The only way to retain power in such a system is to divide the citizens and play them against each other through fear-mongering. As soon as someone rises up to question the role of the RPF, the current ruling party in Kigali, they are accused of “genocide ideology,” a law so vague and convoluted that if it had a genuine purpose, it has since been lost. The Tutsi population, which is still hurting from 1994, is afraid that the numerically-superior Hutu are biding their time to finish what they weren’t able to finish. The Hutu look at the militarily-superior Tutsi and wonder when they will be fell upon in revenge. Both look to Kagame as a savior, and he relishes this role while allowing this climate of fear to fester.

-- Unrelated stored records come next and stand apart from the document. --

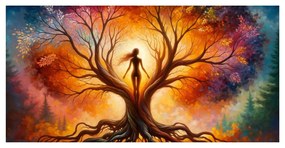 Obraz jesenný strom života s postavou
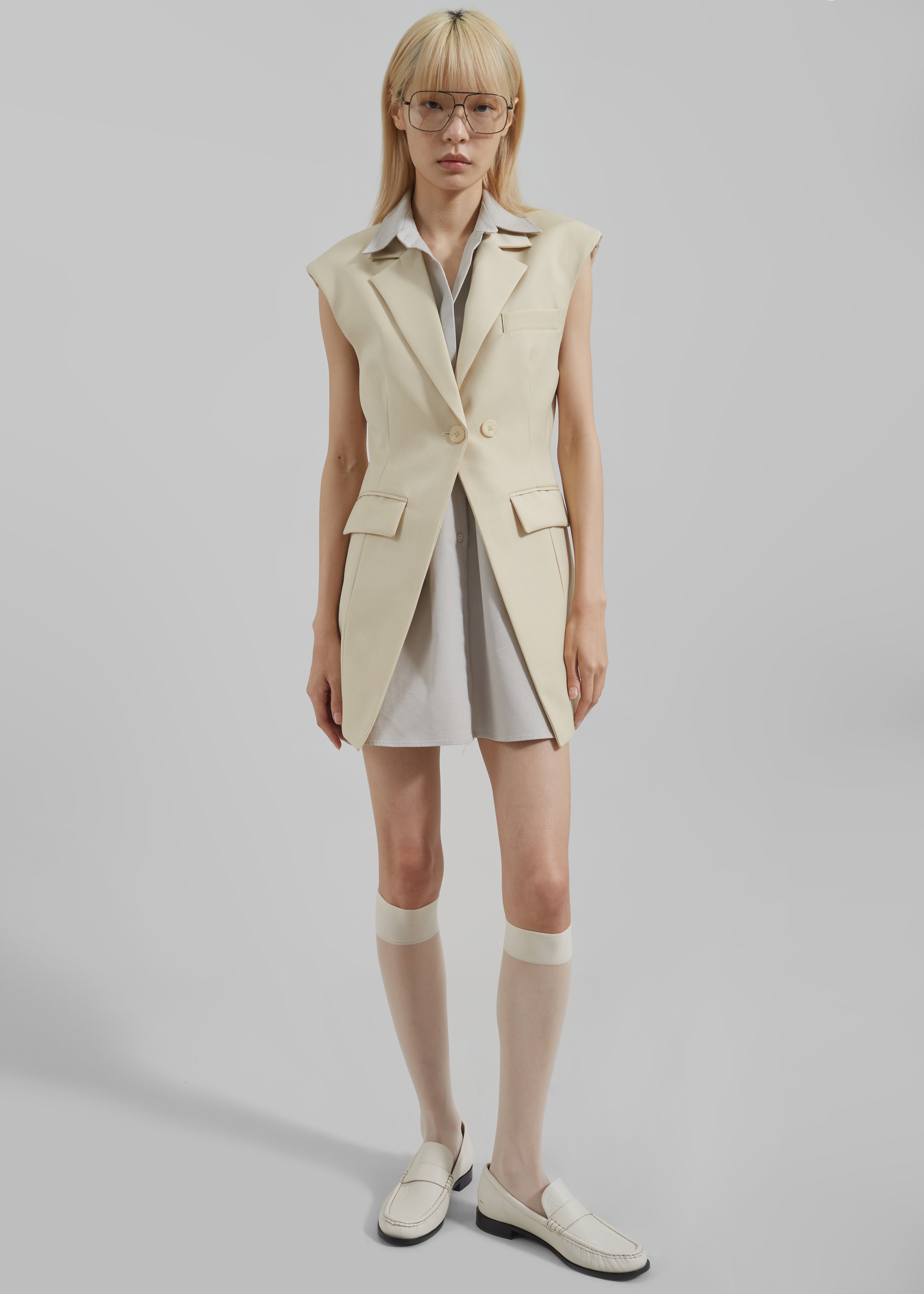 Shari Layered Vest - Beige - 1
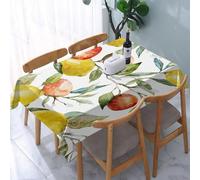 UREJD Table Cloth Rectangle 60x90 in Wipe Clean Tablecloth Water Resistant Table Cover for Kitchen,Natural Lemon and Orange Clementine Branches Fruit Delicious Winter Season Vitamin,Party Decorations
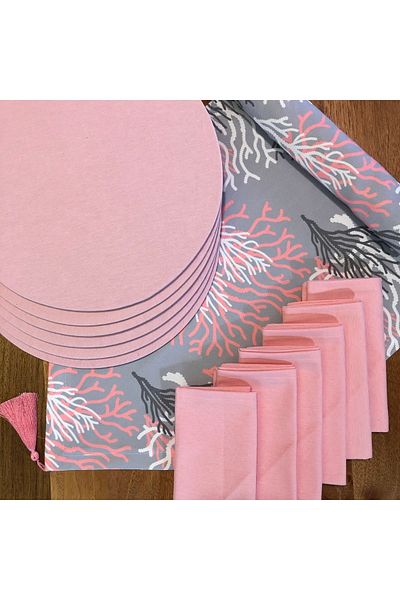 desen izmir American Serve, Pink Coral 6 Plates, 6 Napkins and Runner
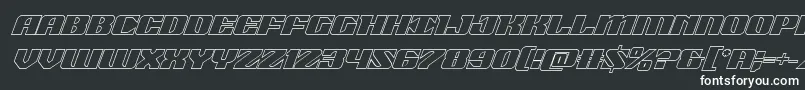 21gunsaluteoutital-fontti – valkoiset fontit mustalla taustalla
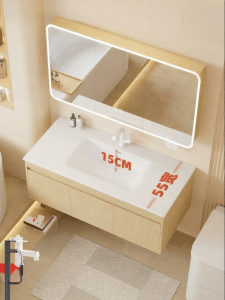 LANGXIANG | Customized Aluminum Wood Style Bathroom Vanity Ceramic Basin
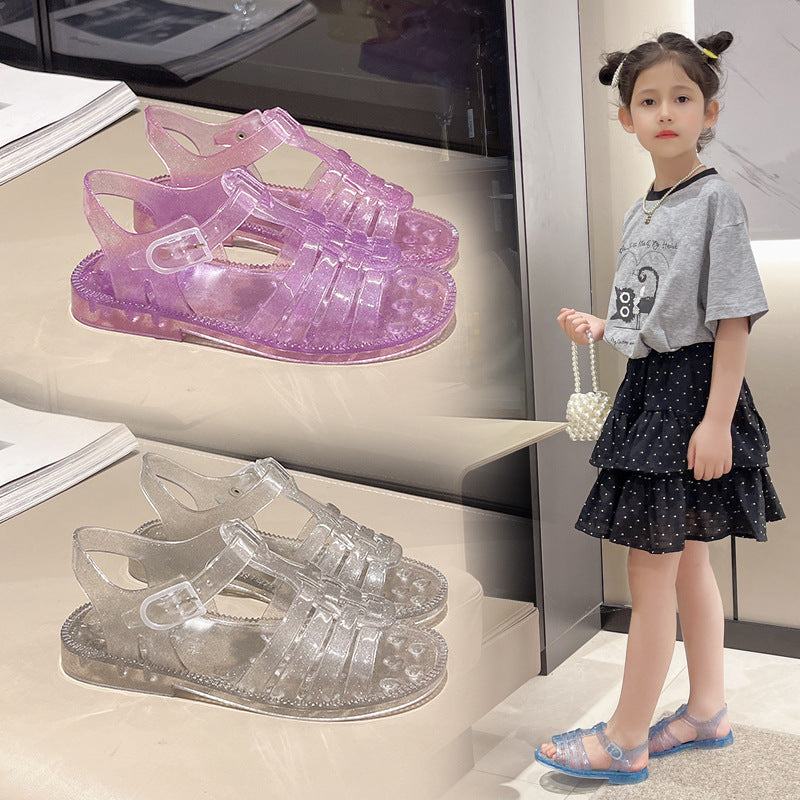 New Cute Children's Garden Shoes Summer Outdoor Sandals PVC Solid Color Princess Bird Nest Shoes Non-slip Slippers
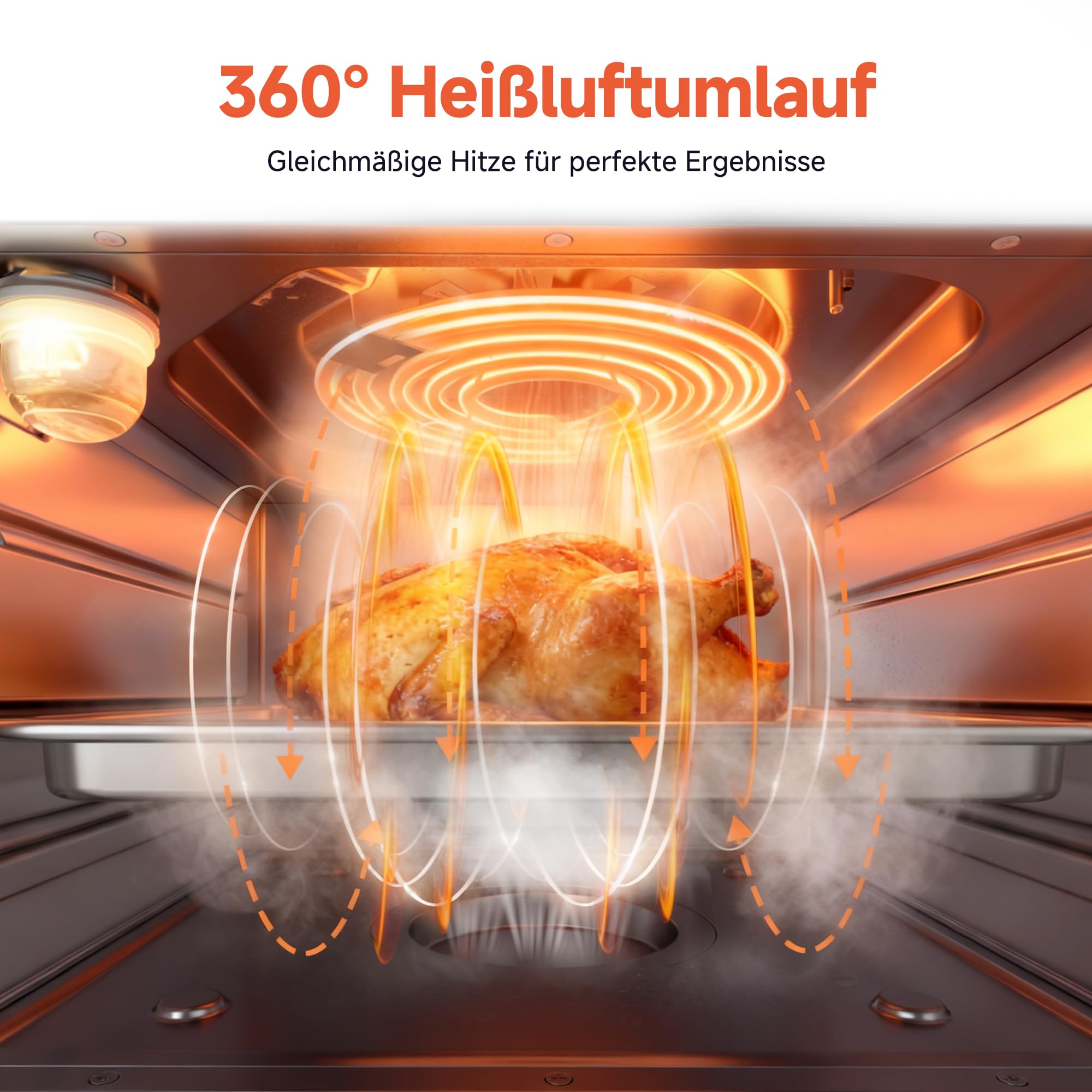 OUNIN 18-Liter-Multifunktions-Minibackofen, 2-Zonen-Garen, mit 360°-Heißluftumwälzung, Voreinstellungen per Knopfdruck, 1800 W, Geeignet für Heißluftfrittieren, Backen, Grillen und Sous-Vide-Garen - 4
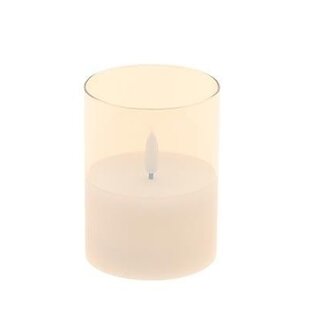 HBXD LED Candles with Timer “Camille” | Colour: Light Brown | Christmas Decoration | Height 10 centimetres | Diameter 7.5 centimetres | Per 24 candles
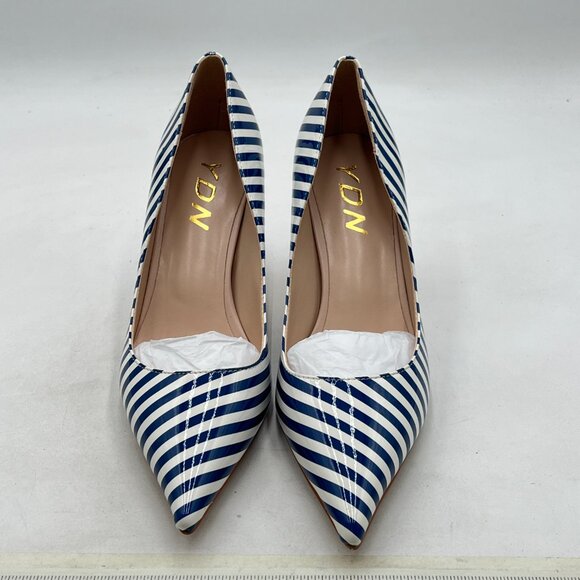 YDN Blue Stripe Chic Pointed Closed Toe Mid Heel Pumps Slip on Dress Shoe - Picture 3 of 8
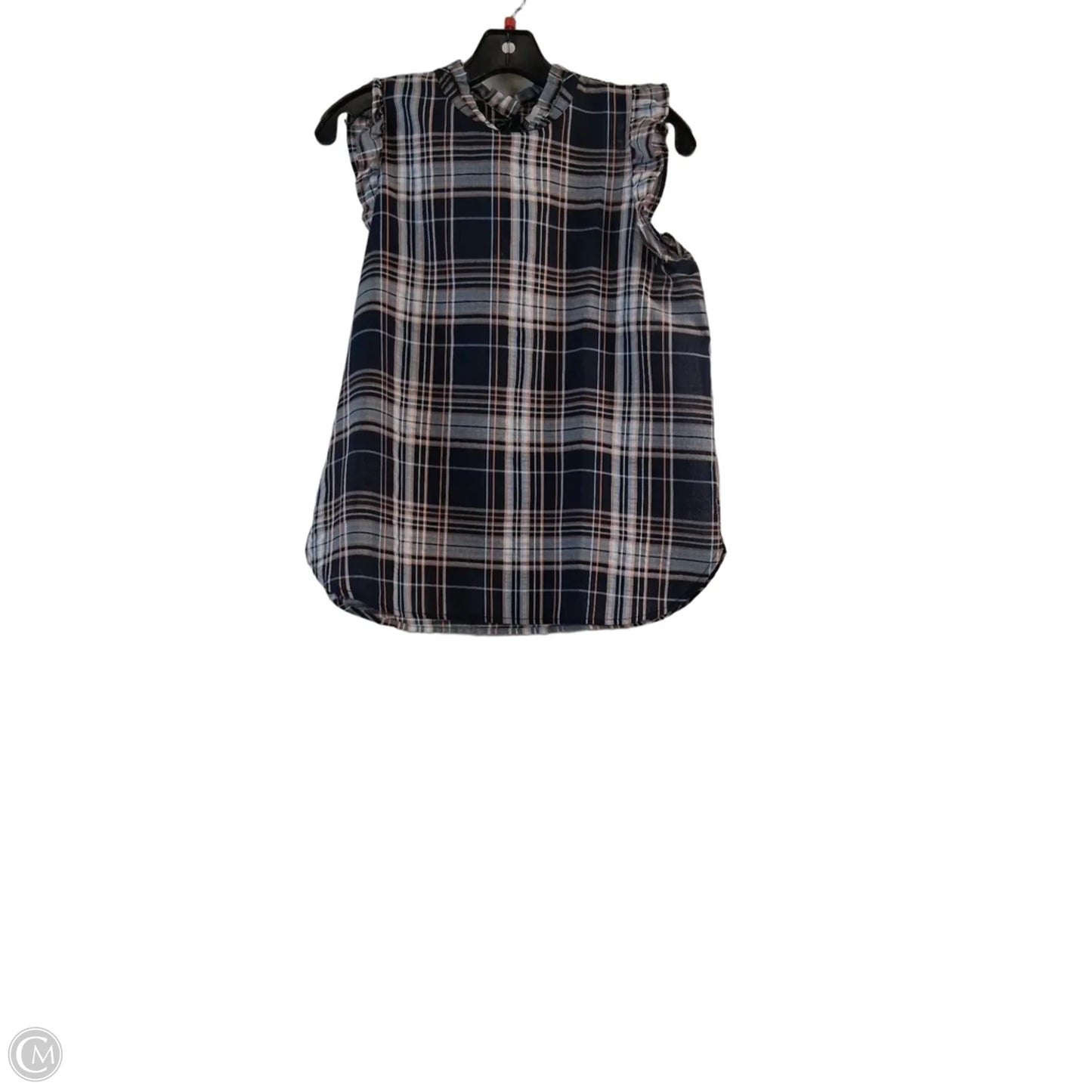 Top Short Sleeve By Loft In Blue & White, Size: Sp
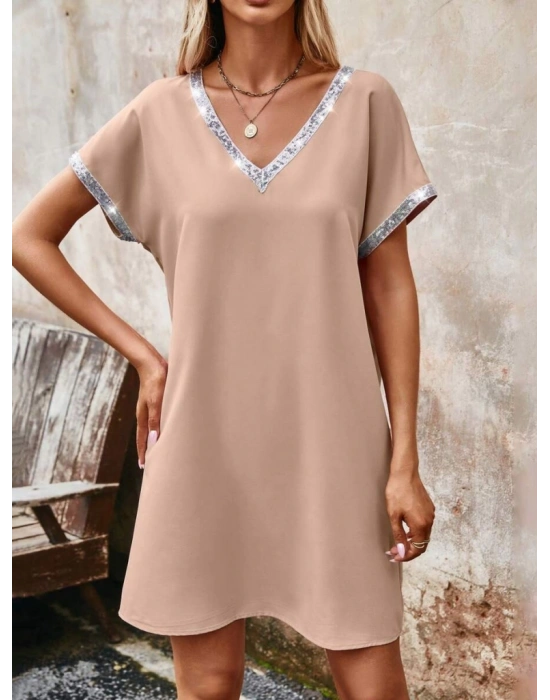 Kadın Yaka Ve Kol Pul Payet şeritli Ithal Krep Elbise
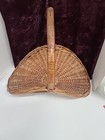 Vintage Gathering Basket Wicker Wood H Xl Hearth Wild Flowers Hand Woven 19 
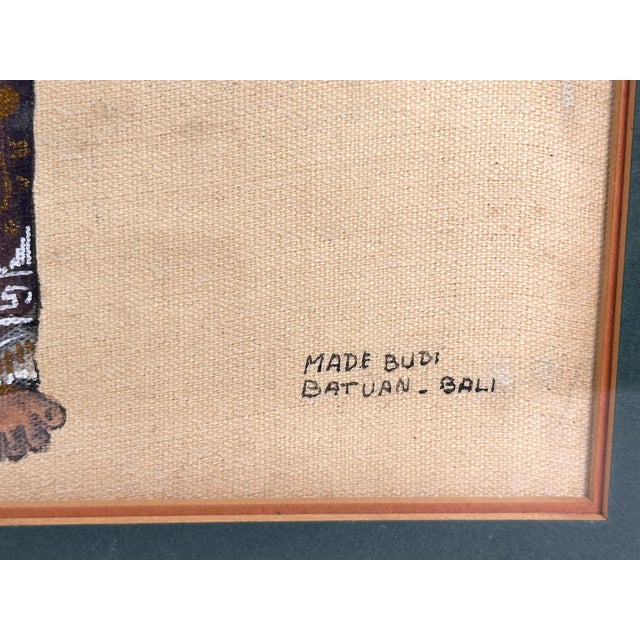 Gold Mid 20th Century I Made Budi Batuan Painting of Balinese Dancer For Sale - Image 8 of 15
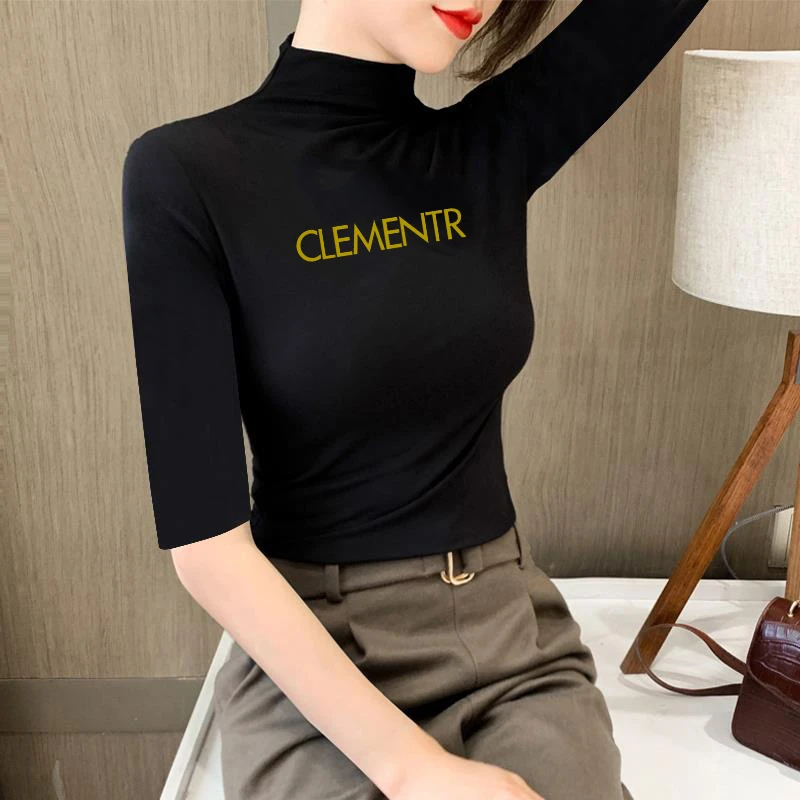 半高领黑色薄款中袖打底衫女印花半袖t恤时尚七分袖气质上衣夏女
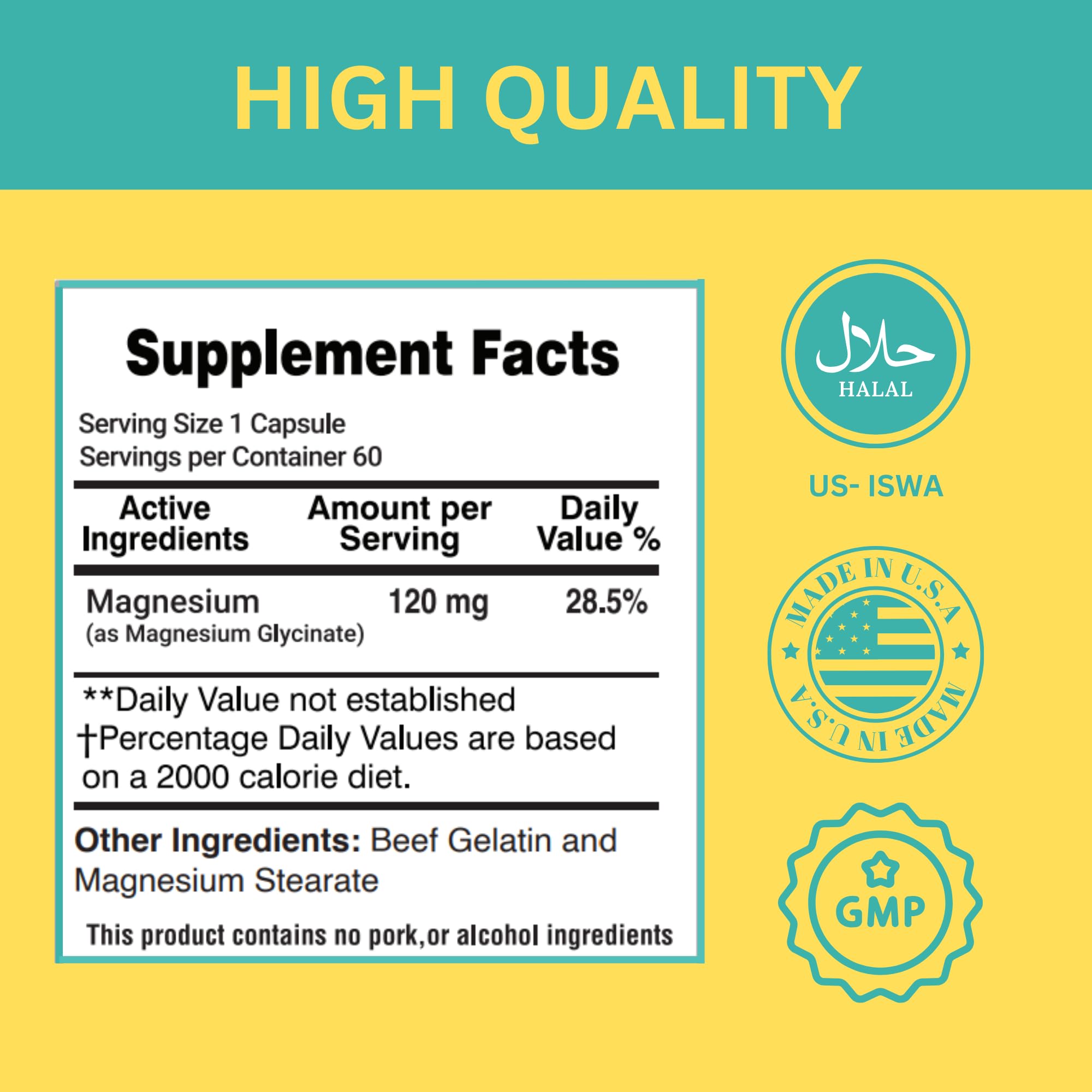 GREEN FIELD NUTRITIONS Halal Magnesium Glycinate Capsules with measuring spoon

This is why the focus should be on the system that creates such people as Kagame. The only way to change the system is to change the hearts and minds of the average citizens so that these exploitative tactics don’t work with them. Only the people will be able to prevent the rise of divisive strongmen from their midst. They have to be able to speak up for their rights, and be willing to lose their lives in the process, rather than cower in fear.

Yes, to many Kagame is a savior, but even Jesus, after saving the world from sin, did not stick around physically forever. Kagame, too, can step aside assured that, after 16 years, he can still guide the country through his actions while he was at the top…if those actions merit that.
To be a great president, you don’t need to single-handedly bring development to your nation. You don’t need to stay forever, and you definitely don’t need to suppress the free expression of ideas.
What you need is to inspire people to take their future in their hands. George Washington did not stay president forever even though he was offered the option.
Thomas Sankara, in his brief 4 years as president, turned an impoverished country around by empowering the people to control their own fate by building their country.
There are many like them, and they are what we need in Rwanda in order to attain true development.

Kagame might feel that the country is not ready to move on without him, but, like a parent of a teenager off to college for the first time, reality has to be faced. He has to trust that his guidance the past 16 years has settled into the minds of the people and that they will make good decisions based on that. Whether Rwanda succeeds or fails if he steps aside is unpredictable, what is predictable, however, is that Rwanda will suffer if he doesn’t.

Not yet, however, not until the opposition has been able to change the system and the people are ready to be led by someone who doesn’t require to be regarded as an overprotective parent. Then, and only then, will the successive rule of strongmen be over in Rwanda.